An English pig farmer at Low Moor Farm sued a hot air balloon company after a low-flying balloon caused 250 of his pigs to stampede into a ditch. The consequences were disastrous, and costly.
In April 2012, one of Go Ballooning’s sightseeing balloons flew low over the farm. The noise of the fire burners terrified the pigs, and the farm’s cattle broke through a fence and fled 200 yards into a nearby ditch. It was a carnage: three pigs died of heart attack, and 140 sows miscarried an estimated number of 800 piglets. The next days, a boar died due to related injuries.
Other than the actual bloodbath, this accident also had dire economic consequences for Low Moor Farm, whose business is based on pigs.

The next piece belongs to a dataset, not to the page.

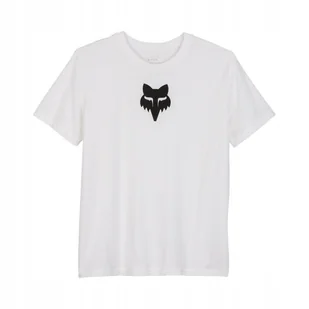 T-SHIRT FOX LADY HEAD WHITE S - Koszulki i topy damskie - miniaturka - grafika 1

In the lawsuit that ensued, the central issue was to determine the actual height of the balloon when it flew over the farm, as it is against the law for a flying object to float at a height below 1,500 feet.

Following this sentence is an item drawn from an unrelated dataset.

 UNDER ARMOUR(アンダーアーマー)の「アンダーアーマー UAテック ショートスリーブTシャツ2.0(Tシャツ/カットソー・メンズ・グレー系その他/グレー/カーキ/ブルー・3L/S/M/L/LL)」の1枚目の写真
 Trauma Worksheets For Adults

The first piece of evidence in the case was a photograph that the wife of a nearby’s farmer coincidentally took that day, depicting the balloon flying over the field. The second piece was a laser rangefinder owned by Low Moor farmer Mick Gilbank, which he used to determine the exact height of the trees.
Those pieces of evidence, however, did not reveal much—that is, until a mathematician tied everything together, using nothing but trigonometry. Professor Chris Fewster, who works in the Department of Mathematics at the University of York, demonstrated that the balloon had indeed floated as close as 300 mt. (less than 1,000 feet) from the pigs. Using a trigonometric formula which included information such as the length of the balloon, the focal length of the of the camera, and the height of the trees, he first calculated the tilt of the camera and then the distance of the balloon.
Trigonometry proved the farmer right, and GoBalloon had to pay £40,000 in settlement.
“It’s the first time in 20-odd years of practice that I’ve had to use a maths expert,” the prosecuting lawyer told The Daily Mail.